As the old guard exits the workplace, we'll need successors who know what leadership is and how to exercise it. But who will nurture that next generation of leaders?
Art van Bodegraven was, among other roles, chief design officer for the DES Leadership Academy. He passed away on June 18, 2017. He will be greatly missed.
The title of this column might be sung to the tune of a Peter, Paul, and Mary hit from the days of peace and love. But the real question could—and should—be, "Where are all the leaders coming from?" Not that we are awash in leaders.
The supply chain management space has produced, or attracted, pioneering icons since the early 1960s. Some were, and are, leaders. Most were, and are, managers, practitioners, mavens, gurus, and factotums. And the trailblazers are dying off, surely and steadily.
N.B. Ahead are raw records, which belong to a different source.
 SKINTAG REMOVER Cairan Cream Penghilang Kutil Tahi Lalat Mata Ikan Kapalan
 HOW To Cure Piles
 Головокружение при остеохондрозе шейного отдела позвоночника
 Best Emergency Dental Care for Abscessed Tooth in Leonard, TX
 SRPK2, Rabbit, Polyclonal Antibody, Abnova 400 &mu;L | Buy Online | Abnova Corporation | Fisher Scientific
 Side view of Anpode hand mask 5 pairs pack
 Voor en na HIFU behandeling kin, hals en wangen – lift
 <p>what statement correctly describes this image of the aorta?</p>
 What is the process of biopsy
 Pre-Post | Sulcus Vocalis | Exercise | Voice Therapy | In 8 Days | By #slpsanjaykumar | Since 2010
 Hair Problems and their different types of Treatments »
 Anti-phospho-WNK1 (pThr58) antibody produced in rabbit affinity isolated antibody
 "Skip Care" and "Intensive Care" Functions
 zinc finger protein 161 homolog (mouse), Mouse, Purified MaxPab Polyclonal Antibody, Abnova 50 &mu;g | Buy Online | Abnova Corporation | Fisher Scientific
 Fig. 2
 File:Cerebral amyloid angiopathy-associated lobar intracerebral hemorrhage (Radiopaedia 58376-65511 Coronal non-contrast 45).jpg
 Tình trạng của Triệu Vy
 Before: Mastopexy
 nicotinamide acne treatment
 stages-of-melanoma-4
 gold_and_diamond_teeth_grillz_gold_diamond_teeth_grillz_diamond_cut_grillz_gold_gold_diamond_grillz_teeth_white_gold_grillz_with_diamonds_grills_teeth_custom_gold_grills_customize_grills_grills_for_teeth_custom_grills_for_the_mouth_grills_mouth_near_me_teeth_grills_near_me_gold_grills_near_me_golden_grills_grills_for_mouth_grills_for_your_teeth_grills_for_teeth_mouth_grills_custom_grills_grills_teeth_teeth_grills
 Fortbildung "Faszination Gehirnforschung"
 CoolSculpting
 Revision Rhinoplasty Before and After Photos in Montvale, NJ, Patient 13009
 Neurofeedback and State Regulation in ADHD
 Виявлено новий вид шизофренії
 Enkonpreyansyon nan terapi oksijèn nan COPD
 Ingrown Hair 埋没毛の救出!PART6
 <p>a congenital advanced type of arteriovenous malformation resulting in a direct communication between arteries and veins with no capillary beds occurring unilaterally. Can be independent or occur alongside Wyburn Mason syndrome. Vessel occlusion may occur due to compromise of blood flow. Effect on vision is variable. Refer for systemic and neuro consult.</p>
So, what are we, as an industry, doing to create successors who can do more than drive the bus we are already riding in? The casual observer would conclude, "Not much."
WHERE DO LEADERS COME FROM?
Before we understood that leaders could be "made"—developed with tutelage and practice—they were "born." We believed that some among us were just hard-wired at birth to create, visualize, persuade, motivate, charm, empathize, and communicate—to lead by example, to embody core values, to walk the talk, and to attract followers. It took us a long time to probe what made leaders different and what made them tick. It took us a while to suspect, to research, to learn, and to codify the attributes that made them leaders.
We now know that leadership can be developed and honed, that no one has to be locked out of a leadership role by accident of birth. But that raises the question of who will nurture a next generation of both do-ers and leaders, as well as managers and administrators.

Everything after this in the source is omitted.